Exercise data section start

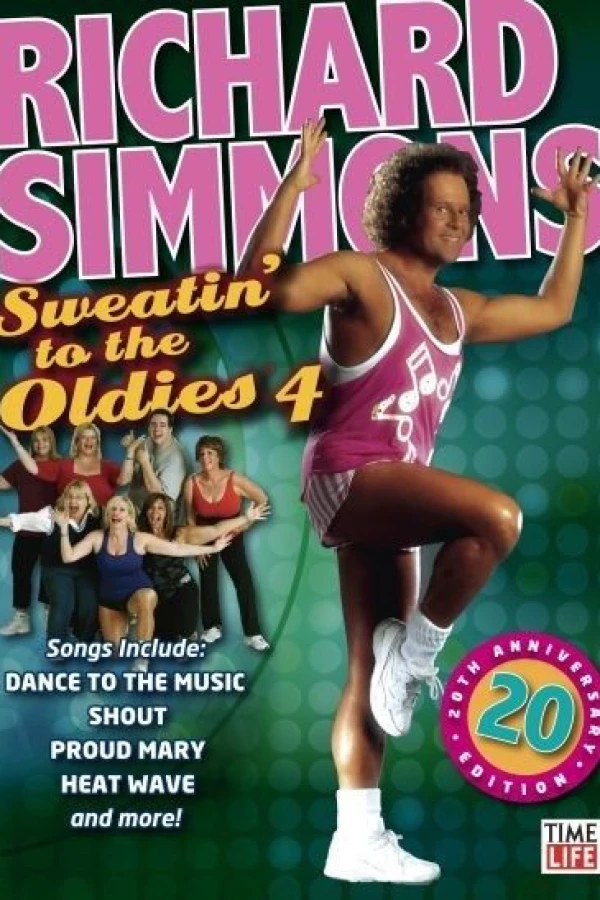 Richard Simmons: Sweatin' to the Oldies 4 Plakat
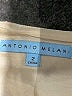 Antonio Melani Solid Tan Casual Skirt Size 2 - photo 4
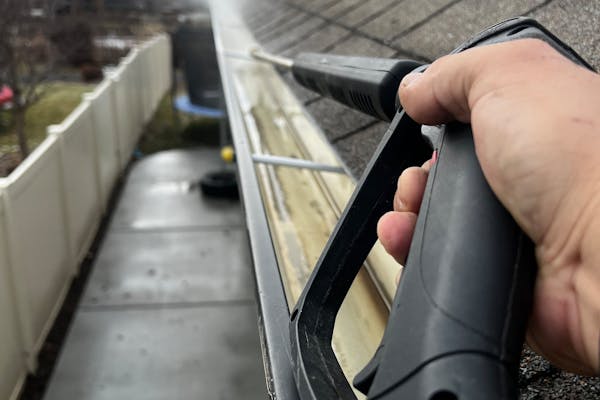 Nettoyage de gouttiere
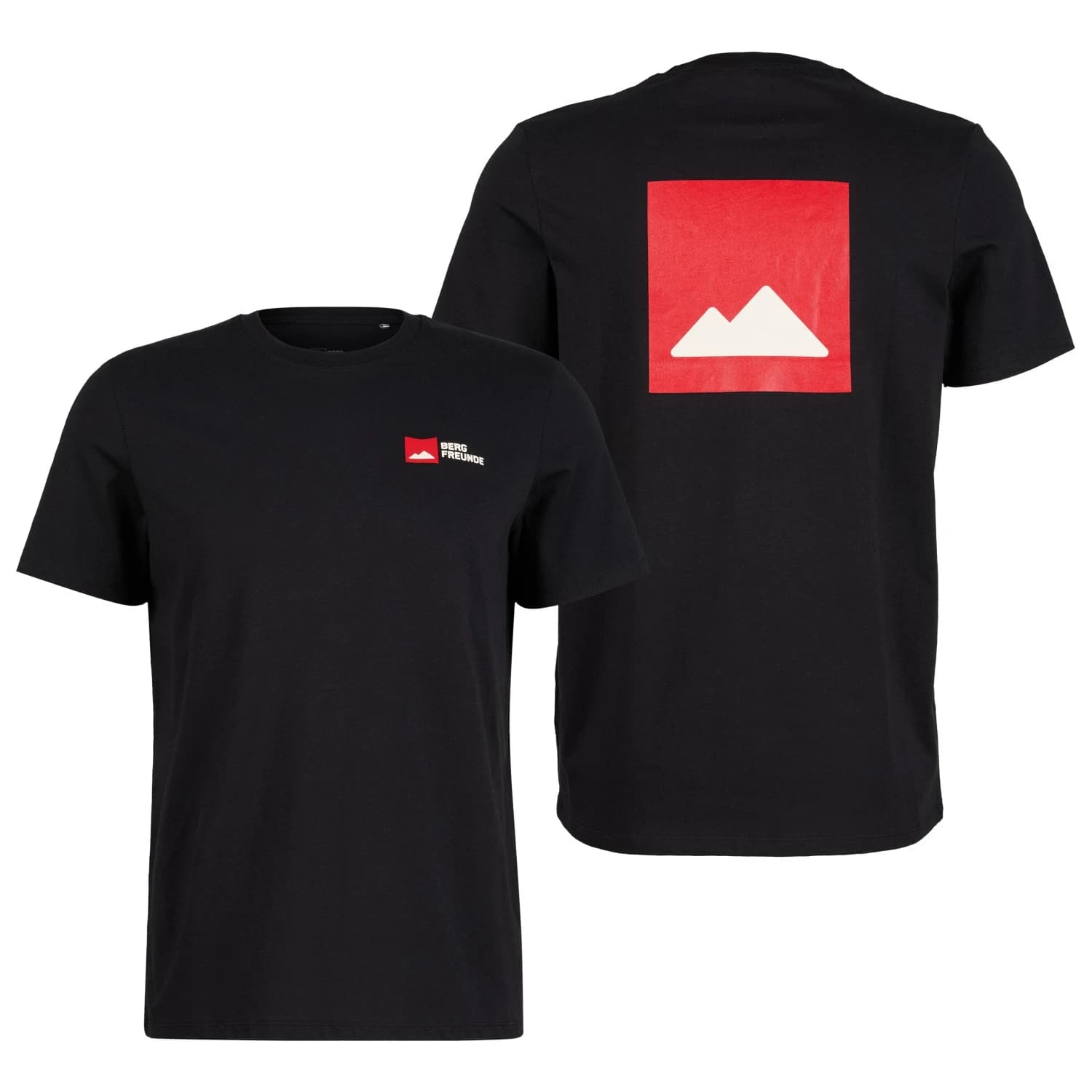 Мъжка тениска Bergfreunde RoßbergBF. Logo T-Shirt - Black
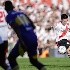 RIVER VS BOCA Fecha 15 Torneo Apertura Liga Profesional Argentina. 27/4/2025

Exercise data section end

Task to carry out.
In the answer, all of the material should appear exactly as given, with no picture carried over.

Exercise output.
 Richard Simmons: Sweatin' to the Oldies 4 Plakat
 Antonio Melani Solid Tan Casual Skirt Size 2 - photo 4
 Nettoyage de gouttiere
 Мъжка тениска Bergfreunde RoßbergBF. Logo T-Shirt - Black
 RIVER VS BOCA Fecha 15 Torneo Apertura Liga Profesional Argentina. 27/4/2025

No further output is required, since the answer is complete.